Makassar , PB – FANATIK akan menggelar aksi unjuk rasa sebagai bentuk kontrol sosial terhadap dugaan penyimpangan dalam pelaksanaan proyek rehabilitasi jalan dan drainase yang bersumber dari APBN Tahun 2025, dengan nilai sekitar Rp21,6 miliar. Rencana aksi ini disampaikan melalui surat pemberitahuan resmi bernomor 035/P.A/FANATIK/III/2026 kepada Kapolrestabes Makassar.

Aksi tersebut direncanakan akan berlangsung pada Kamis, 12 Maret 2026, pukul 13.00 WITA di dua titik utama, yaitu Kantor Kejaksaan Tinggi Sulawesi Selatan dan Kantor Satker Wilayah III BBPJN Sulawesi Selatan. Menurut jenderal lapangan, Muh. Gazhafar Al-Jihad, aksi ini sebagai respons terhadap hasil investigasi dan monitoring independen yang menemukan indikasi kuat adanya penyimpangan serius yang berpotensi merugikan keuangan negara.

FANATIK menyoroti sejumlah temuan, seperti pekerjaan yang tidak sesuai spesifikasi teknis, kerusakan jalan sebelum masa pemeliharaan, pelaksanaan pondasi agregat yang kurang maksimal, serta tidak dilakukannya uji teknis wajib seperti uji sand cone, test pit, dan uji CBR. Mereka juga menyoroti adanya keterlambatan proyek, lemahnya pengawasan dari pihak kontraktor maupun konsultan pengawas, dan terbitnya adendum kontrak yang diduga digunakan untuk menutupi keterlambatan tersebut.

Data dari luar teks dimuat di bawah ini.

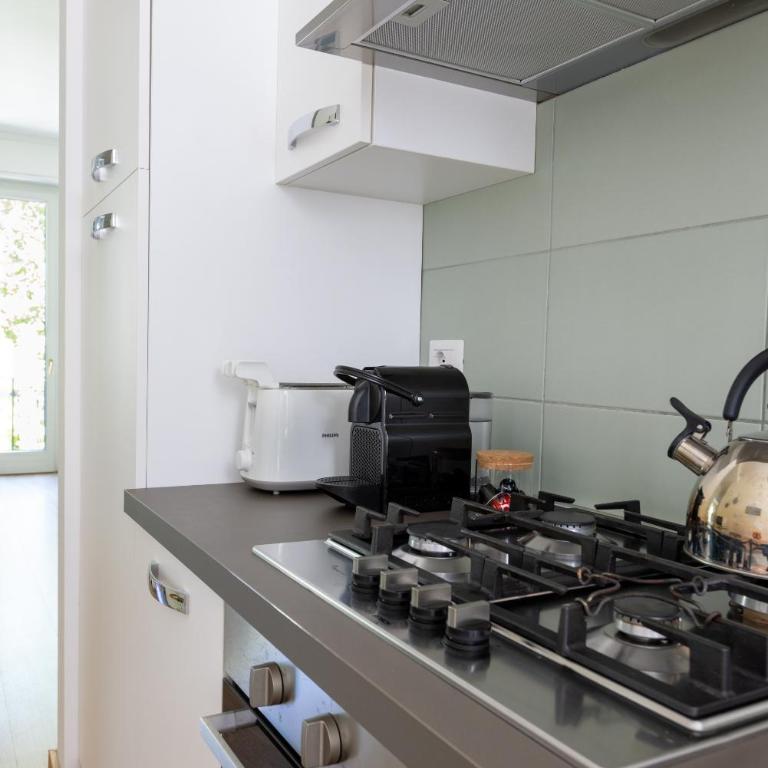 Bright Apartment - Steps from the Old Town - Apartamento de 1 dormitorio - 12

“Temuan-temuan ini mengarah pada dugaan maladministrasi, penyalahgunaan kewenangan, dan berpotensi tindak pidana korupsi dalam pelaksanaan proyek,” tegas Gazhafar.

Dalam aksi, massa membawa tuntutan agar Kejaksaan Tinggi Sulawesi Selatan segera membuka penyelidikan dan penyidikan terhadap para pihak terkait, termasuk satker, PPK BBPJN, kontraktor, dan konsultan pengawas. Mereka juga meminta pertanggungjawaban dari Balai Besar Pelaksanaan Jalan Nasional Sulawesi Selatan atas dugaan keterlambatan, lemahnya pengawasan, dan manipulasi kontrak.

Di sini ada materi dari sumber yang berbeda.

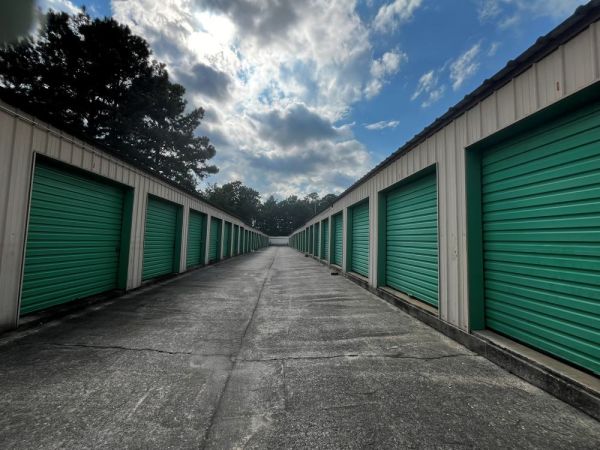 Squadron Storage - 109 Woodcrest Boulevard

FANATIK menegaskan bahwa aksi akan berlangsung secara damai, tertib, dan sesuai aturan hukum. Tujuan utama adalah agar aparat penegak hukum bersikap tegas dan transparan dalam menyelidiki dugaan penyimpangan demi menjaga integritas pengelolaan keuangan negara dan memastikan penggunaan anggaran negara harus benar-benar akuntabel dan bebas dari praktik korupsi.